§ PROMPT
Only the lines from the one that includes "Magic Cat Tunnel" through the last line below belong in the reply, copied exactly and without pictures.

____

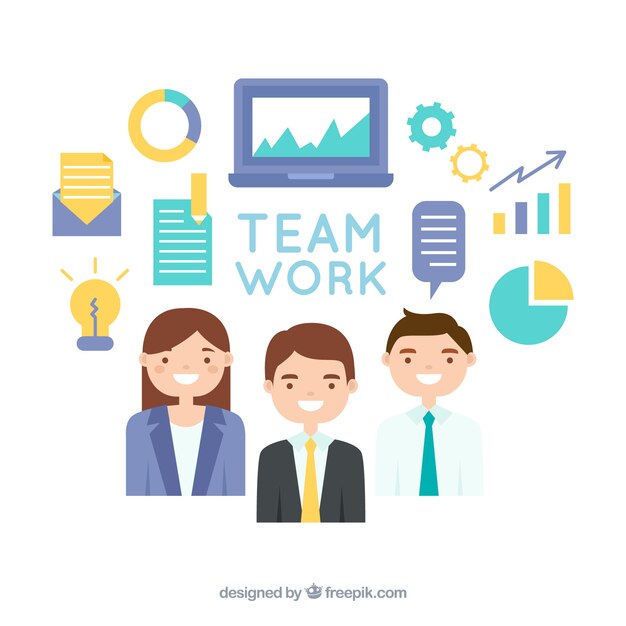 Concepto de trabajo en equipo con diseño plano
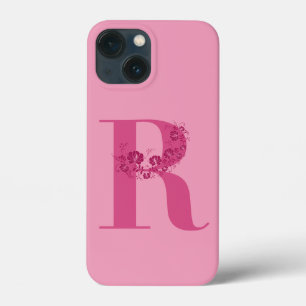 Monogram Pink Floral Letter R iPhone Case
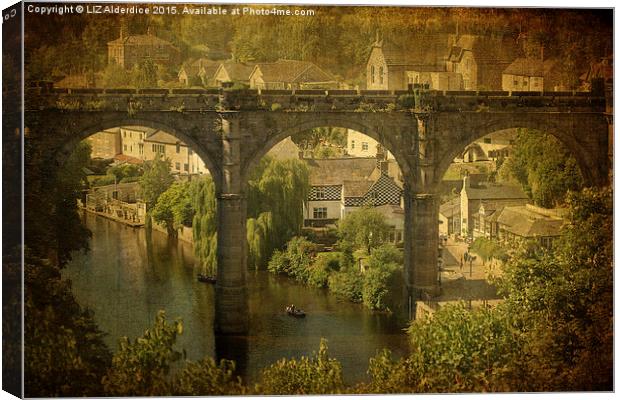  The Bridge at Knaresborough Canvas Print by LIZ Alderdice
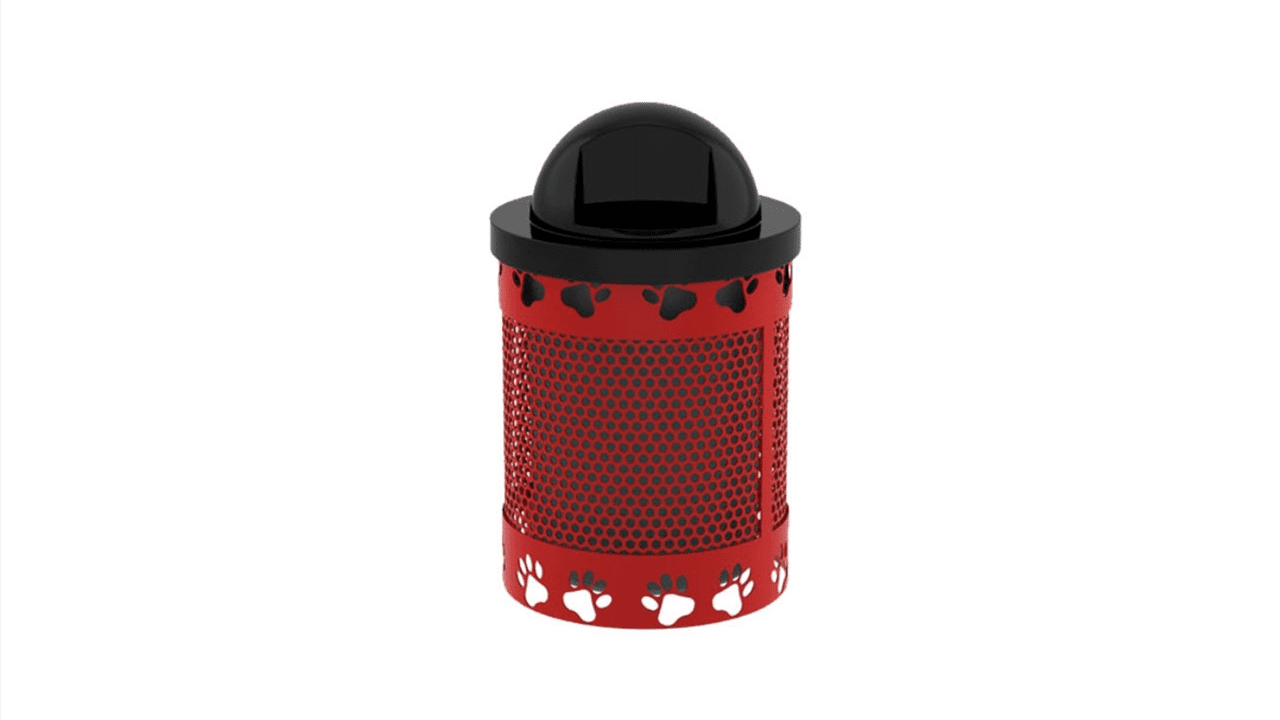 32 Gallon Perforated Trash Receptacle Paws Design TR32PERF-PWS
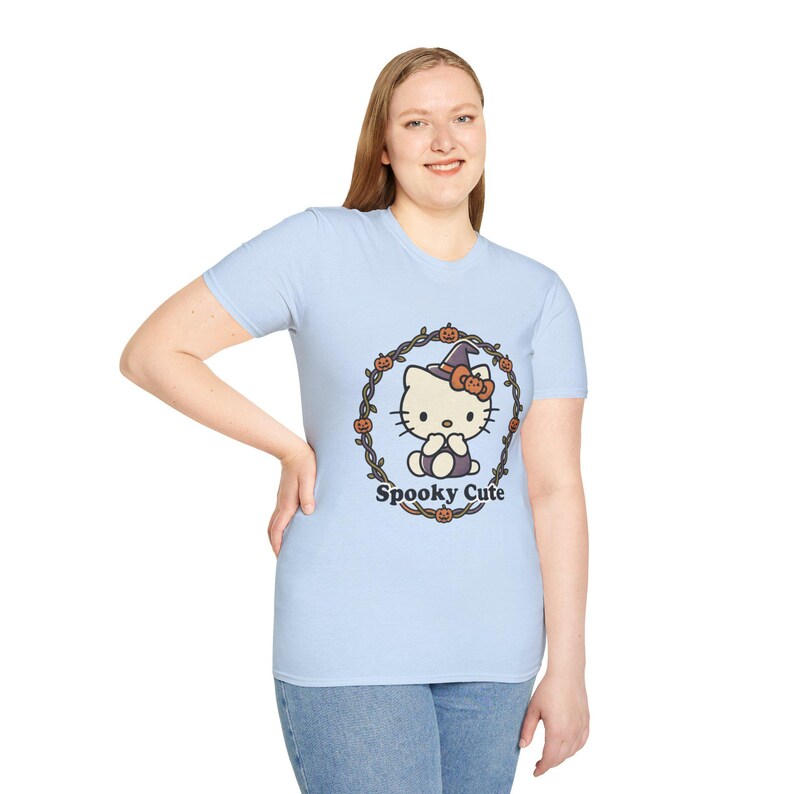 Spooky Cute Hello Kitty Witch T-Shirt | Halloween Pumpkin Wreath image 3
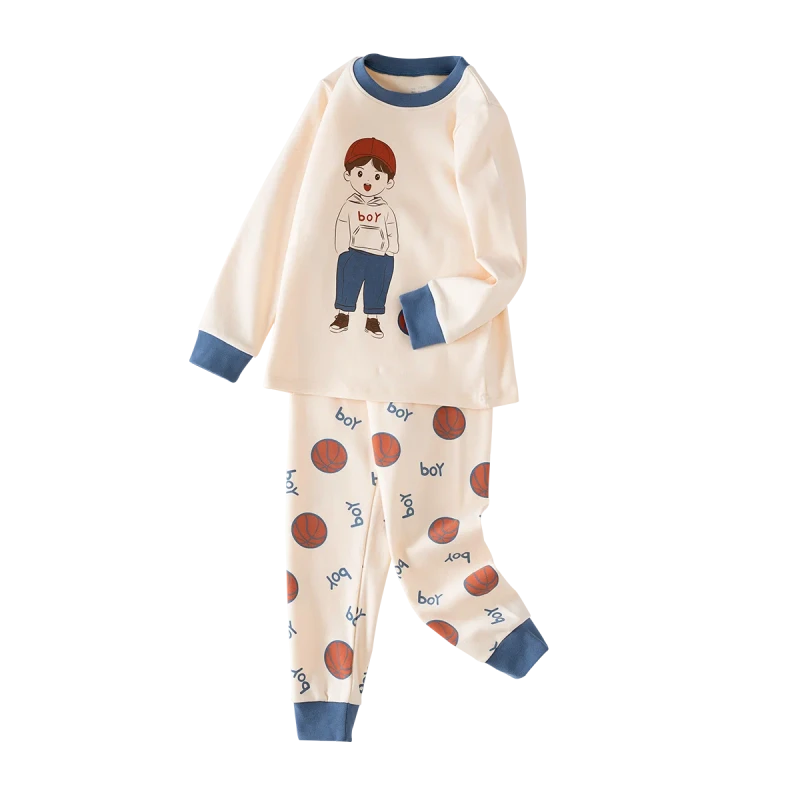 Custom Toddler Children Boy Cartoon Winter Cotton Spandex Casual Clothing Pijamas Pajamas Sleepwear Set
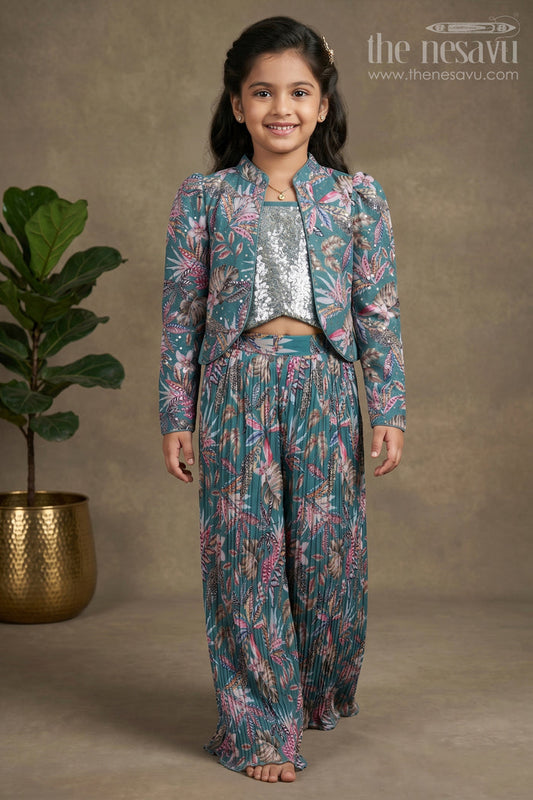 The Nesavu Girls Sharara / Plazo Set Glittering Soiree: Sequin Embroidered Crop Top with Jacket and Palazzo Ensemble Nesavu 24 (5Y) / Green / Chinnon GPS298A-24 Shop Designer Sequin Crop Top and Palazzo Set | The Nesavu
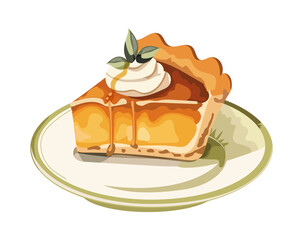 Pumpkin pie. Pumpkin pie. on plate. Isolated vector illustration.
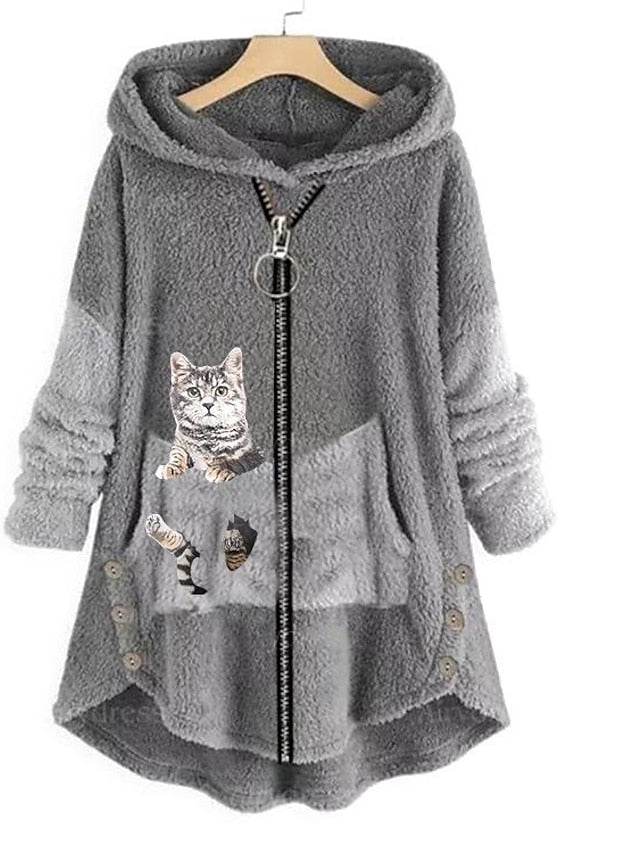 Hoodie Sweatshirt Pullover Pullover Sherpa Fleece Teddy Zip Up Front Pocket Pink Green Dark Grey Cat Street Hoodie Plus Size Long Sleeve Fleece for Women - LuckyFash™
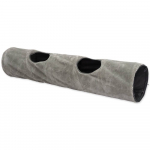 Magic Cat Tunnel Plush Grey pehme kokkupandav tunnel kassidele kr&otilde;biseva materjali ja avadega, 120x24 cm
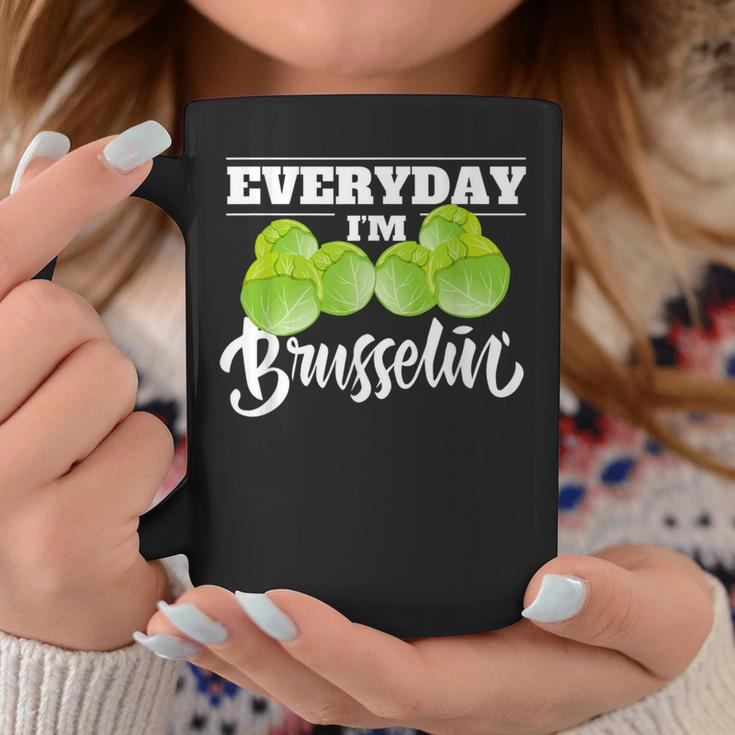Everyday I'm Brusselin Cute Food Pun Vegan Lover Coffee Mug Unique Gifts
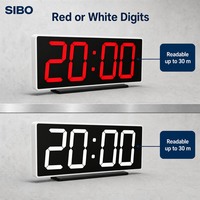 Jam Dinding LED Digital 6 Inci WiFi NTP Sinkronisasi Waktu Jaringan 4 Digit Peredupan Otomatis Alarm Timer Relay untuk Pabrik Kantor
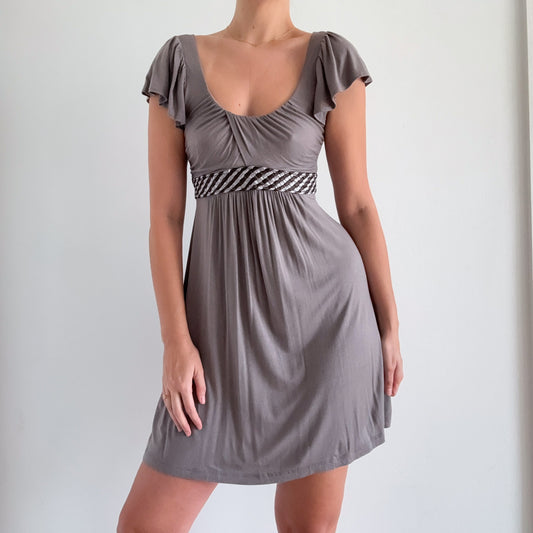 Y2K Grey Rayon Flutter Mini Dress / SZ M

____

§ ANSWER TO THIS EXERCISE
 Magic Cat Tunnel Plush Grey pehme kokkupandav tunnel kassidele kr&otilde;biseva materjali ja avadega, 120x24 cm
Everyday I'm Brusselin Cute Food Pun Vegan Lover Coffee Mug Unique Gifts
 Jam Dinding LED Digital 6 Inci WiFi NTP Sinkronisasi Waktu Jaringan 4 Digit Peredupan Otomatis Alarm Timer Relay untuk Pabrik Kantor
 Y2K Grey Rayon Flutter Mini Dress / SZ M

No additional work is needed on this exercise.